University President Lawrence S. Bacow's offices are located in Massachusetts Hall.
University President Lawrence S. Bacow's offices are located in Massachusetts Hall. By Ryan N. Gajarawala
By Michelle G. Kurilla, Crimson Staff Writer

Harvard will adopt new donor guidelines as a result of its review of donations from the late financier and convicted sex offender Jeffrey E. Epstein, University President Lawrence S. Bacow announced in an email to affiliates Friday afternoon.

Epstein — who died in prison in August awaiting trial on sex trafficking charges — boasted deep, longstanding ties to the University. The Miami Herald reported in November 2018 that Epstein operated a sex ring out of his Palm Beach, Fla. home and identified around 80 women who said Epstein molested or sexually abused them before 2006.

Bacow requested the review into the University’s ties to Epstein in September 2019, following the conclusion of a partial financial review. Harvard’s Office of the General Counsel — helmed by newly appointed Vice President and General Counsel Diane E. Lopez — led the review, working alongside Foley Hoag, an outside law firm.

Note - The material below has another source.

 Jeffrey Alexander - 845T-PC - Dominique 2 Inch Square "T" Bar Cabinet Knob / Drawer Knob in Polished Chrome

In the intervening months, the reviewers interviewed more than 40 individuals, according to a report released Friday. They also collected and searched through more than 250,000 pages of documents — including faculty and staff emails, in accordance with email search procedures the University created in 2014.

Ultimately, the group confirmed that Epstein donated around $9.1 million between 1998 and 2008, and that the University took no gifts from Epstein following his 2008 conviction. Additionally, its investigation shed new light on his academic connections to the University, probing his status as a Visiting Fellow and his relationship to the Program for Evolutionary Dynamics. From those findings, it issued a set of recommendations — which, according to Bacow, the University will act upon “immediately.”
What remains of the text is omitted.